The 4th-and-15 alternative to the onside kick, as currently formulated, would allow a team to use it up to twice per game, even if the team is leading. And that would be a mistake.
The scrimmage play is being proposed primarily as a way to give the team that is trailing a chance to close the gap, a better chance than the current onside-kick configuration that, given changes to the formation, has made it much harder for the kicking team to recover. It therefore should be confined to the team that is losing the game and, in turn, trying to tie things up or take the lead.
The fact that the clock will run coupled with the ability to use the 4th-and-15 play while leading would give a team an opportunity to easily cement a win after going ahead late.
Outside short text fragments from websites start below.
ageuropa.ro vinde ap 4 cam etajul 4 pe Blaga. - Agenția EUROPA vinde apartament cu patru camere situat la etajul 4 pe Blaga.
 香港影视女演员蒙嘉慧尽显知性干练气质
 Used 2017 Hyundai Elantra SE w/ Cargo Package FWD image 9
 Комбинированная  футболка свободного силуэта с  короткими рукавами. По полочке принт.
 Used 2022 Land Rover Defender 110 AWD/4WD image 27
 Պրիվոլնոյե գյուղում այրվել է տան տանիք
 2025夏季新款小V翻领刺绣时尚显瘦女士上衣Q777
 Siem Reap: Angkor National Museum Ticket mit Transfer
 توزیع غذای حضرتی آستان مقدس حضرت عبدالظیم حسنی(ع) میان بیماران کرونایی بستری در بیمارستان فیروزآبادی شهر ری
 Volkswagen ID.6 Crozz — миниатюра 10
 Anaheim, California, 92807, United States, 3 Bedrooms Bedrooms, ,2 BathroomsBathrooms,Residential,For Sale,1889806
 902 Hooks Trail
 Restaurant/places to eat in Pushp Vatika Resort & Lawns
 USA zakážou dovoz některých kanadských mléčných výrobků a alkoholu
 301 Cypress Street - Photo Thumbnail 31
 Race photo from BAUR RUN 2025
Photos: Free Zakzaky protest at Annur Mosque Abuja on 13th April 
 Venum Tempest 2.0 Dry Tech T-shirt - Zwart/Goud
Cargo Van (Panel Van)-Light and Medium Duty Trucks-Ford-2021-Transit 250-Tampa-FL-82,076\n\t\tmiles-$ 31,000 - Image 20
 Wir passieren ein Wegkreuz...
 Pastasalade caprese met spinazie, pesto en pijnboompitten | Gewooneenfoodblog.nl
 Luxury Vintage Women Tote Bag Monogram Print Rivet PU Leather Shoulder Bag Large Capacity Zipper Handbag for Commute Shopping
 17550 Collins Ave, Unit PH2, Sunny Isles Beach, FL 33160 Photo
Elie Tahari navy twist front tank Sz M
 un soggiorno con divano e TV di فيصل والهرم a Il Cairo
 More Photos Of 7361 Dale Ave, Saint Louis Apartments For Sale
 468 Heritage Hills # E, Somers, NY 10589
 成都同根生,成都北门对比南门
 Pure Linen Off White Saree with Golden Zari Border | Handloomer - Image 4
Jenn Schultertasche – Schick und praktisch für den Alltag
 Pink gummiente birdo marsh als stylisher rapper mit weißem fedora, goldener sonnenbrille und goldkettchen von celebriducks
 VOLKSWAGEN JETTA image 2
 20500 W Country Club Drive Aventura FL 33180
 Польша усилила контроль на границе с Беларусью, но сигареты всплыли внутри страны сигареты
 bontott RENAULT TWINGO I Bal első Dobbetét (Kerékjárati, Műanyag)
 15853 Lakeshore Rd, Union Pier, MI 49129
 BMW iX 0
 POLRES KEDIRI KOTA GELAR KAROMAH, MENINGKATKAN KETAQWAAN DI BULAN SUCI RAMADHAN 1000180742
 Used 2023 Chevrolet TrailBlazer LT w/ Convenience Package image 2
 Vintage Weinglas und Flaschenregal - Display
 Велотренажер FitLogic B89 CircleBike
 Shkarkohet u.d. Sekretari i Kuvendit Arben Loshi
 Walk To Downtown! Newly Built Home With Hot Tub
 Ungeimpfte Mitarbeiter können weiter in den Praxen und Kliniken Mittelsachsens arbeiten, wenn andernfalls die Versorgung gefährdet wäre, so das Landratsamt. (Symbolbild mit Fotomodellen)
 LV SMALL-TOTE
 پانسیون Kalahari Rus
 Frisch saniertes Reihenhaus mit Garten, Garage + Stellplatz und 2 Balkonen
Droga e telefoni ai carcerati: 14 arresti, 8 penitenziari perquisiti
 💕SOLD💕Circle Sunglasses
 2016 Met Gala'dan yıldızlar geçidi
In lieu of kicking off and giving the losing team a chance for a Stanford band-style play, the team that takes a late lead can opt for the 4th-and-15 play, burning off the last few seconds with the quarterback running around and/or throwing the ball deep, like Patrick Mahomes did to ice Super Bowl LIV.
Speaking of Mahomes, the fact that the Chiefs already are drooling over the 4th-and-15 possibility for retaining possession could present a different problem. Football could essentially become “make it, take it” for the Chiefs, and a 7-0 lead could quickly mushroom to 21-0.
The fix is easy. Either prevent the team that is leading from using the 4th-and-15 play or make it an untimed down. Any other approach defeats the overriding purpose of the play: To give the team that’s losing a chance to win.